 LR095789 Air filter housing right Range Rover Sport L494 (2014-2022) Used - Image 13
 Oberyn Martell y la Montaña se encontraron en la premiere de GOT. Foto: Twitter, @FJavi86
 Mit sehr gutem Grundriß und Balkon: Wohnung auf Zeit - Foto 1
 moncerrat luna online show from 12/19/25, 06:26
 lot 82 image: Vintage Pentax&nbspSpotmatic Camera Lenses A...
* * *
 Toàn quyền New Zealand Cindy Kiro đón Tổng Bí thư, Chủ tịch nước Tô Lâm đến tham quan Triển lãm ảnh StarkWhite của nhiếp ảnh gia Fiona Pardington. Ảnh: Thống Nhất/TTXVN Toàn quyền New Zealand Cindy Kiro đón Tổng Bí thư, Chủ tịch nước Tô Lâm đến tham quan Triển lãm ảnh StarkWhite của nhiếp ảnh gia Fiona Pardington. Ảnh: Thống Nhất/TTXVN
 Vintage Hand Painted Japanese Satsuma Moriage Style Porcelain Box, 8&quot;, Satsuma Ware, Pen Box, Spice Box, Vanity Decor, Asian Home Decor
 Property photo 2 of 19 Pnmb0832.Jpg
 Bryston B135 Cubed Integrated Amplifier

• _EXERCISE DESCRIPTION_
Copy the stretch of the records above that runs from the line with "moncerrat luna online" through the line with "lot 82 image: Vintage". Both end lines belong in the copy, and nothing else does.

• _RESULT_
 moncerrat luna online show from 12/19/25, 06:26
 lot 82 image: Vintage Pentax&nbspSpotmatic Camera Lenses A...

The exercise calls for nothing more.